Quando um gestor ou gestora assume este papel, está diante de um barco em movimento, e de um ambiente estabelecido. Se está, nesta posição, é de imaginar que tenha determinadas competências e visões estabelecidas sobre a instituição que dirige.

Há diferentes variáveis que incidem nos resultados de uma gestão, mas, queremos aqui, iluminar a visão estratégica. Visão estratégica é aquela que  revela o mais importante a ser realizado,  que atua diretamente na vida das pessoas no curto, médio e longo prazo. E que ilumine as prováveis condicionantes para realizar os resultados que almeja. Estabelecendo conexões entre processos e atores (stakeholders) de forma a construir caminhos, desenvolver habilidades e prever necessidades para realizar sua visão.

Para construir uma visão estratégica, se exige um profundo conhecimento do ambiente interno e externo da instituição, clareza sobre os problemas a serem enfrentados, determinação  e capacidade de liderança.

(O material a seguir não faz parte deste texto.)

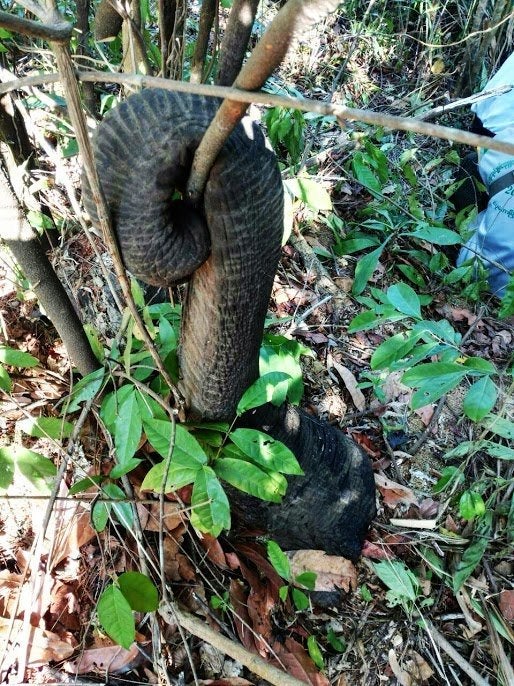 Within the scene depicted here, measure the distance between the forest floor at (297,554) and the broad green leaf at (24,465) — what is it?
0.01 meters

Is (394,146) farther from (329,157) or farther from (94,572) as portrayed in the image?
(94,572)

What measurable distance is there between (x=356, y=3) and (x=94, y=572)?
4441mm

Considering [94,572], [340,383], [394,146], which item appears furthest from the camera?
[394,146]

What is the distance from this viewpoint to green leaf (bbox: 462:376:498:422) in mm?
1365

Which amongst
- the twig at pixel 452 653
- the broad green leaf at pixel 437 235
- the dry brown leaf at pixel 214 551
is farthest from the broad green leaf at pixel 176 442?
the broad green leaf at pixel 437 235

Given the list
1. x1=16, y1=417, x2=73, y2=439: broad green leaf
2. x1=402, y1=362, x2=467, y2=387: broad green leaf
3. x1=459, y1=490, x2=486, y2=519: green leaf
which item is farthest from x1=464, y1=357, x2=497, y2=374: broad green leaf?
x1=16, y1=417, x2=73, y2=439: broad green leaf

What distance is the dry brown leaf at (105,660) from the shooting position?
1.38 m

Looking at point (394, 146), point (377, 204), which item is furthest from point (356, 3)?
point (377, 204)

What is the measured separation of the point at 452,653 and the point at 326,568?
1.55ft

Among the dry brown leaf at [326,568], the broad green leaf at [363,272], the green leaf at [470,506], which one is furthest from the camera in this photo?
the broad green leaf at [363,272]

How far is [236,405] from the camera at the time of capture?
4.64 ft

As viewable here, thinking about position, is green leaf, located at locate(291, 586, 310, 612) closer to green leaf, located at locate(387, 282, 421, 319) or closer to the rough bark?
green leaf, located at locate(387, 282, 421, 319)

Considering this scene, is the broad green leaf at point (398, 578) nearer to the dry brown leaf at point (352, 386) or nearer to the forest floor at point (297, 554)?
the forest floor at point (297, 554)

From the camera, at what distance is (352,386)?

Admitimos que há raras pessoas com capacidades de construir uma visão estratégica para a instituição, partindo exclusivamente de sua própria experiência. Mesmo assim, não há ninguém que consiga aplicar sozinho determinada visão estratégica.

Para o desenvolvimento dos processos de construção da visão estratégica de uma instituição pública ou privada,  quanto mais grupos de interesse estiverem envolvidos, mais assertiva tende a ser esta visão e mais efetivo será sua interiorização junto a equipe diretiva, área técnica e outros atores.

No perspectiva de construção da visão estratégica que adotamos, um conjunto de variáveis que não está sob controle de quem planeja, não precisa ser necessariamente desfavorável. Atores externos a instituição, que incidem sobre a construção de sua visão estratégica, acabam por atuar em sentido favorável, quanto maior for sua participação e comprometimento com o desenho.

Visão estratégica nesta perspectiva poderia ser traduzida como a clareza que os principais atores desenvolvem no processo, sobre para onde se quer ir, aproveitando as melhores condições e oportunidades do caminho e se preparando para as intempéries, pois que algumas não são controláveis e outras não são previsíveis, mas “não existe vento a favor para quem não sabe a que porto se dirige” (Sêneca).